MHTI: 2016, Tahun Darurat Ketahanan Keluarga Indonesia

Rep: Fuji Pratiwi/ Red: Agung Sasongko
Keluarga Bahagia (ilustrasi)
Foto: Foto : Mardiah
Keluarga Bahagia (ilustrasi)

REPUBLIKA.CO.ID, JAKARTA -- Di ujung tahun 2016 ini, Muslimah Hizbut Tahrir Indoenesia (MHTI) menyoroti gempuran ketahanan keluarga di Indonesia melalui berbagai sisi. Perbaikan program dan personel pejabat dinilai kurang efektif tanpa perubahan sistem.

Juru Bicara MHTI Iffah Ainur Rohmah menuturkan, sebagai refleksi akhir tahun, 2016 bisa disebut tahun darurat ketahanan keluarga bagi Indonesia. Kondisi keluarga Indonesia yang rapuh harus jadi perhatian semua, terlebih pemerintah.

MHTI melakukan perbaikan yang dilakukan individu maupun skala lebih besar, pada sistem. Kalau yang diatasi hanya program, masalah utamanya tidak selesai. Maka yang perlu diubah adalah paradigma menyeluruh.

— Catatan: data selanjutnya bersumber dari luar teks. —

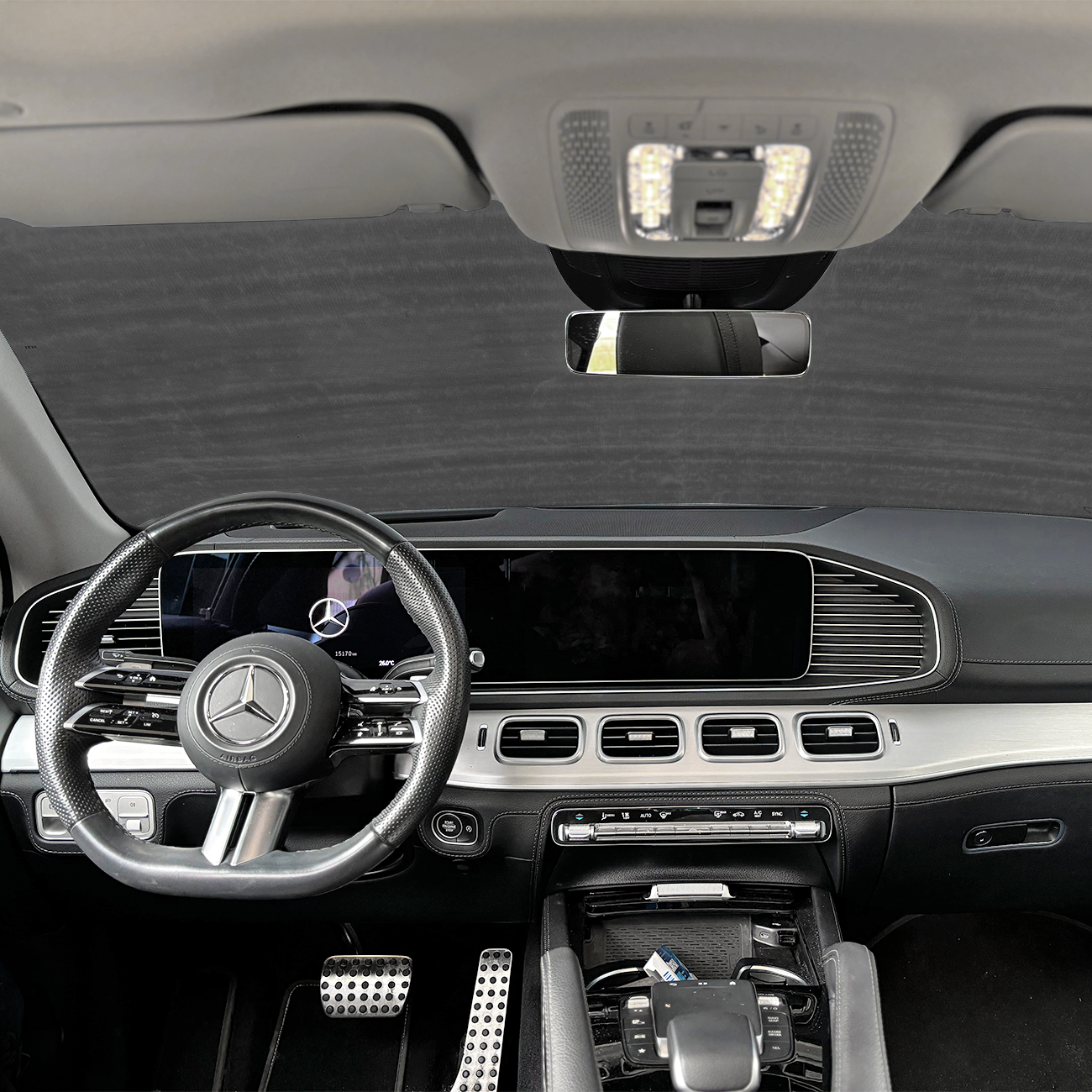 MATA ANTYSZRONOWA 100X200 ALU SKROBACZKA MURSKA 575 ODMRAŻACZ DO SZYB LODU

Umat harus menagih janji Presiden Joko Widodo yang menyatakan pembangunan fisik saja tidak cukup dan peran keluarga sangat penting. Undang-Undang Nomor 52 Tahun 2009 tentang perkembangan kependudukan dan pembangunan negara telah memberi definisi ketahanan keluarga. Ketahanan keluarga ditandai terpenuhinya kebutuhan dasar individu dan berfungsinya komponen kelurga.

Fungsi-fungsi keluarga sulit berjalan ideal hari ini. Kerapuhan keluarga terlihat dari berbagai indikator. ''Yang paling jelas adalah meningkatnya perceraian yang diiringi gugat cerai oleh istri. Dampaknya pada generasi luar biasa,'' ungkap Iffah dalam Konferensi Pers Risalah Akhir Tahun 2016 MHTI di Sofyan Inn Tebet, Kamis (15/12).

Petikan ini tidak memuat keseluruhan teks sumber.